You want me to go where and do what?!

The day normally starts with the alarm going off at some stupid hour and looking out the window to figure out whether the weather is doing what the forecast said it would. As with most things in life, being a confined space rescue tech is all about the preparation.

Communication is key on site. A site briefing is conducted at the start of the shift, with all relevant personnel being present. Details of the planned work, taskings and duties are disseminated. Work methods are explained and potential snags discussed. On longer term projects, the risk can and does change as the project advances. There will be discussions as to specific risks expected and how we as a rescue team can mitigate them.

Toolbox talks take place, if required after the briefing. Companies are becoming more proactive in keeping their contractors current with relevant Health, Safety and wellbeing information. It could be anything from, learning from ‘near misses’ to the effects inhaling cement dust, to practical demonstrations of 1st aid, CPR and rescue demonstrations, given by the rescue team.

Each site will have its specific rescue plan laid down in the RAMS. Equipment is checked and setup accordingly. Gas monitors are bump checked, RPE issued and the method of communication established and tested.

On certain sites, the rescue team will carry out background gas level checks on behalf of the client. We need to ensure a safe working environment for ourselves and contractors before the workforce enter.

It can take time to build up working relationships with contractors, but to my mind it is the single most important thing a rescue tech can do to increase safety in the risk. There may be four or five different companies working on the same project.

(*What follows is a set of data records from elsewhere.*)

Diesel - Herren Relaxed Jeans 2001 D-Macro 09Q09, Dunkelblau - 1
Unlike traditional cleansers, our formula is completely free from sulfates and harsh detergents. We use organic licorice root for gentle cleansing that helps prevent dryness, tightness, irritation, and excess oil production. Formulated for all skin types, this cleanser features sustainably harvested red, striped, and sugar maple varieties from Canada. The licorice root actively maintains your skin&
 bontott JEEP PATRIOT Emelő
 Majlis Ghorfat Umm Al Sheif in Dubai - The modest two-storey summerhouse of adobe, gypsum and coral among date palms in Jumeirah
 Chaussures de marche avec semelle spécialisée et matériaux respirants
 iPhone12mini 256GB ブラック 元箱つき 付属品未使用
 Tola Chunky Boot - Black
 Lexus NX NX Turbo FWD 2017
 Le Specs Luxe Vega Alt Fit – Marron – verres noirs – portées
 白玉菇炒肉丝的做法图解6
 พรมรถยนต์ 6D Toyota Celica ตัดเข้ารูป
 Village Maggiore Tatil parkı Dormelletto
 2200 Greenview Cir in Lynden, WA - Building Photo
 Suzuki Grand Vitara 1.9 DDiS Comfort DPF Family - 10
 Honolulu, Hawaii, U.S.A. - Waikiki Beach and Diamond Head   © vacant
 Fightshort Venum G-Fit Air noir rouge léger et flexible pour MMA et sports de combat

If we can all work together as a single team, people will communicate and you’ll be kept informed of progress or problems.

On good days, gas levels remain low, the rescue team implement a safe system for rescue should it be required and monitor the wellbeing of those in the risk.

On bad days, gas levels fluctuate wildly, contractors deviate from agreed working practices, planned work is plagued with snags, you’ll get hot, cold, dirty, smelly or wet, but that said, be it a good day or a bad day, come the end of that shift, everyone gets to go home safe... because you’ve done your job well.